Alors que certains n’en peuvent plus d’attendre le deuxième opus de The Evpatoria Report, dont la sortie a été fixée au mois de septembre de cette année, le label Get A Life ! Records (Yog, Cortez, Vancouver, Zatokrev, The Evpatoria Report) vous propose de patienter avec Eutheria, le premier album en date du groupe Equus.
Si le nom de cette formation genevoise ne vous dit pas grand-chose, sachez que ses membres n’en sont pas à leur coup d’essai et se sont fait les dents au sein de groupes tels qu’Impure Wilhelmina, Shora, Brakhage, Chapter, ou encore Iskander.
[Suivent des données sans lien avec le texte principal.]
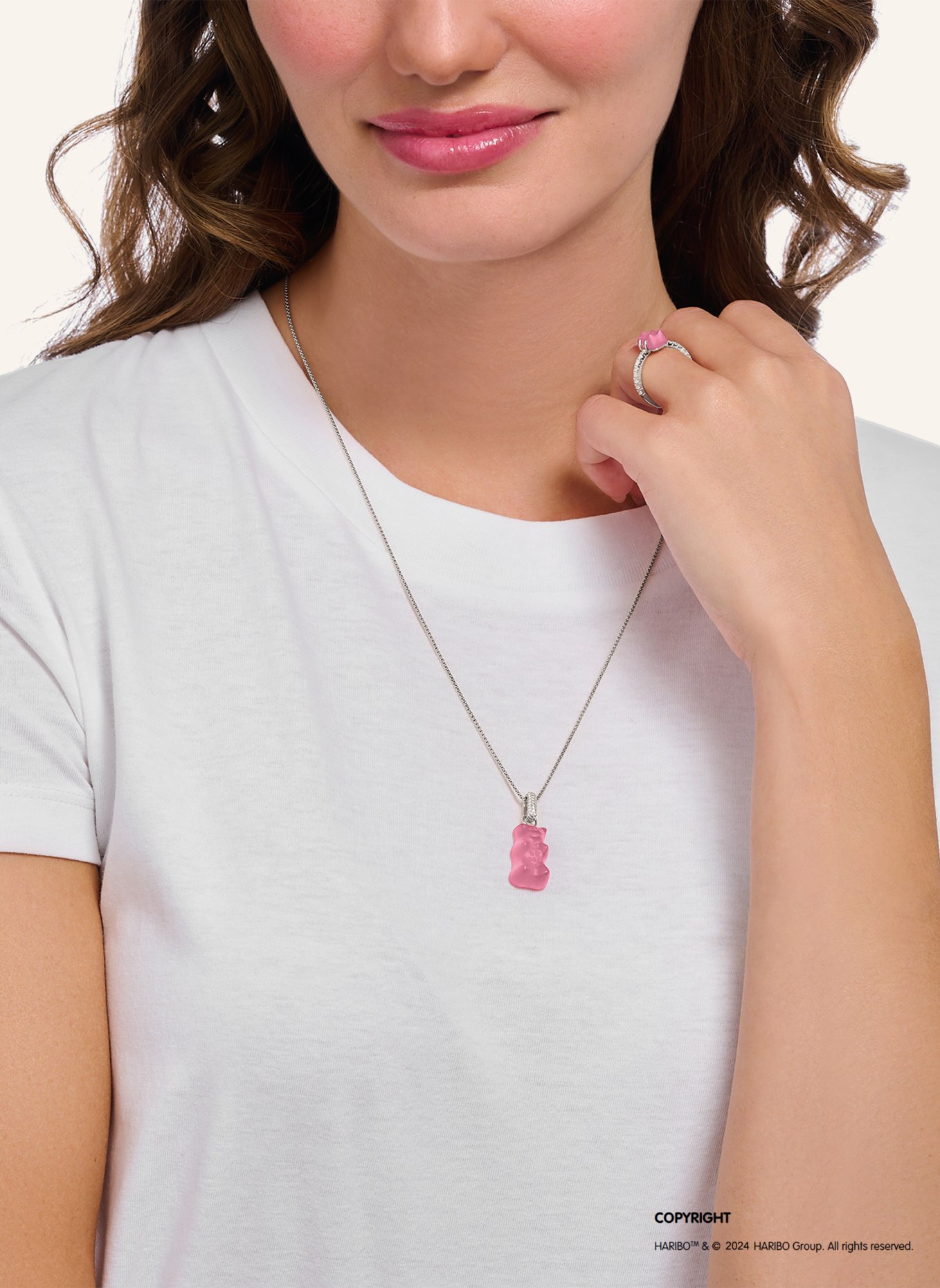 THOMAS SABO Anhänger, Farbe: SILBER/ PINK/ WEISS (Bild 3)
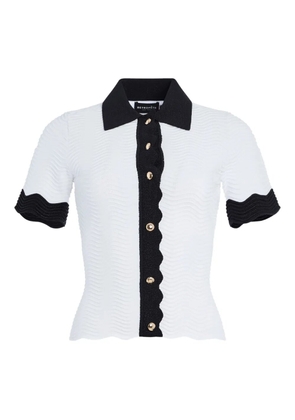 Retrofete Lyric wave-scallop top - White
Malgré ses allures de all-stars band, le combo prend un malin plaisir à laisser planer un certain flou sur ses origines, et préfère largement mettre sa musique en avant.
Une fois le CD sorti de sa magnifique pochette cartonnée, l’auditeur découvrira alors que le quartet l’invite à un (long) voyage de soixante-sept minutes, réparties sur seulement trois titres. Le pari est osé, et je dois avouer que c’est tout de même avec une certaine appréhension que j’ai débuté l’écoute de cet album, car dans ce genre d’exercice, un groupe peut facilement se rétamer magistralement et perdre l’auditeur en jouant trop la carte du remplissage et de la surenchère. Que nenni, avec cet album on se retrouve embarqué dans un voyage majestueux et envoûtant du début à la fin, sans qu’à aucun moment la lassitude et/ou cette vilaine sensation que le groupe tire ses morceaux en longueur ne se fasse sentir.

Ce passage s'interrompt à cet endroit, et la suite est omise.